Now we will continue with the prior mentioned part 2. Let’s look at the code of it.

int status;
while (true) {
    // PART 1: Check for pending connection requests
    ...

    // PART 2: Check for new requests made by clients
    for (auto &element: drdb_endpoints) {
        if (element->receive_request_context.complete == 1) {
            ep = element.get();

            // A Request has been made by the Client, handle it
            status = receive_method();

            // When an ep disconnects, dont make the second request
            if (status == -1) {
                break;
            }

            // Now setup the Client for a new request
            // This will return immediately
            status = receive_method();
        } else {
            ucp_worker_progress(*ucp_data_worker_p);
        }
    }
}

The Worker loops over all the endpoints he is responsible for and checks if there are new requests. Whenever there is such a request, the Worker will handle an entire communication cycle. Therefore, the current implementation is not asynchronous. Unfortunately, there was no time left, to implement that. The current implementation is already done with async in mind and the architecture should easily support it.

A communication cycle consists of a message by the client and a response by the server. Currently, simple get, put, and delete commands are implemented. The communication protocol is defined as follows.

Yahoo! Cloud Serving Benchmark

To evaluate our server, we wanted to use the Yahoo! Cloud Serving Benchmark, YCSB for short. Our server is still rather minimal and misses three features:

Range scans
field lengths > 1, which means, that more than a single field gets transmitted in a message.
Dividing keys into multiple tables

To assure, that we don’t accidentally run a benchmark that makes use of these functionalities, we define a limiting interface. The interface concatenates table name and key name to emulate table support as follows.

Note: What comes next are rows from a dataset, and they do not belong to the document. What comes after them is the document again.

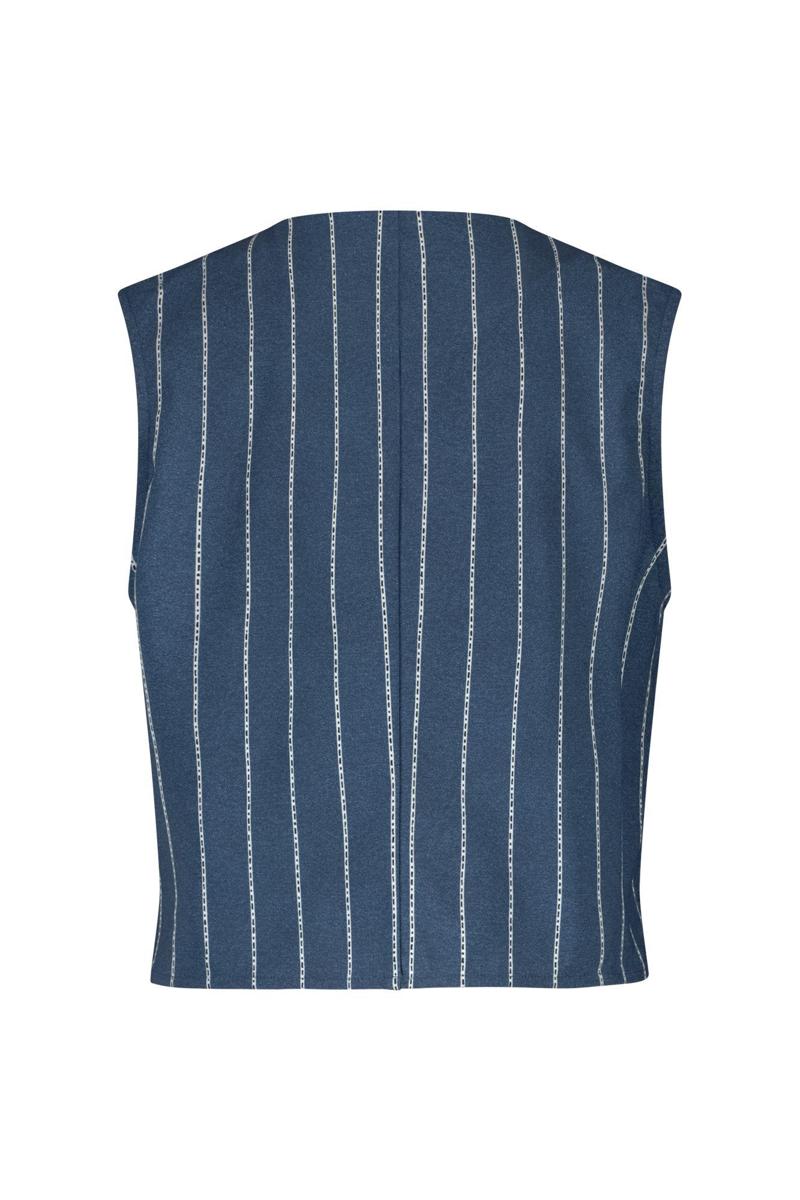 Studio Anneloes Studio Anneloes Gilet Sjuul pinstripe g Blauw 2
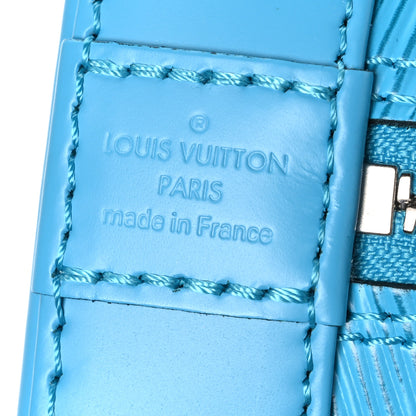 Louis Vuitton Epi Jacquard Alma BB Turquoise 5 of 8
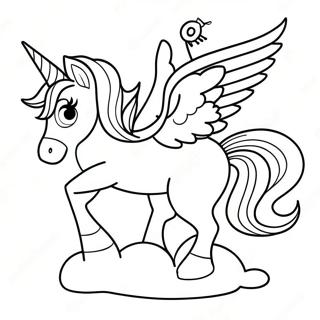 Halaman Mewarna Kotoran Unicorn Pelangi 139361-70495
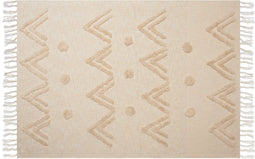 FATEHPUR - Plaid - Beige - 130 x 180 cm - Katoen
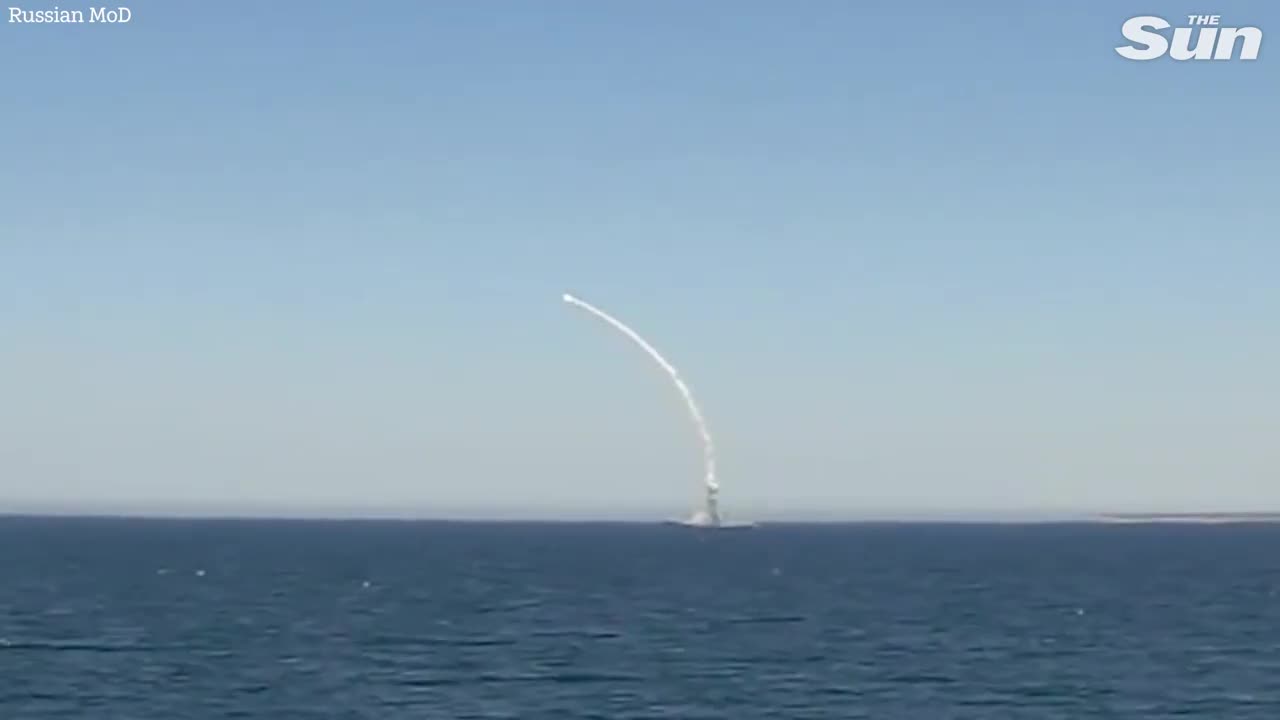 Russian warship destroys weapons from u.s with long ranged missiles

private String generateKey(String table, String key) {
    return String.format("%s.%s", table, key);
}

For our other functions, the interface will return an error.

@Override
public Status scan() {
    return Status.NOT_IMPLEMENTED;
}

@Override
public Status read(Set<String> fields) {
    if(fields != null && fields.size() != 1) {
        System.err.println("Field counts other than 1 are not supported!");
        return Status.BAD_REQUEST;
    }

    ...
}

With this interface, we can implement YCSB as described in its documentation. The result of that can be found in the /yscb folder of this project.

Java Native Interface

Since the YCSB is written in Java, we have to make our Client C++ code available to the JVM with the Java Native Interface, JNI for short.

To achieve that, we define native functions in Java as follows.

public native long initDrdbClient(String serverAddress, int serverPort, String logDir);

public native byte[] get(long nativePtr, String key, int getRequest);

public native byte put(long nativePtr, String key, byte[] value, int putRequest);

public native byte del(long nativePtr, String key, int delRequest);

Native functions are not going to be implemented in Java. Instead, we will compile this code with the -h flag and get a header file from it. If you want to try this yourself with this project, you can use the Gradle task compileJava instead. Once we have received this header file, we have to implement it with native code.

Before we look at the native code, let’s talk about an encoding problem. Java Strings are UTF-16, while C++ Strings are UTF-8. So we have to convert our keys as follows.

@Override
public byte[] get(String key) {
    getRequest++;

    byte[] keyBytes = key.getBytes(StandardCharsets.UTF_8);
    String utf8EncodedKey = new String(keyBytes, StandardCharsets.UTF_8);
    byte[] result = get(nativePtr, utf8EncodedKey, getRequest);

    if (result.length == 0) {
        return null;
    }

    return result;
}

Now, let’s look at the native code for a get.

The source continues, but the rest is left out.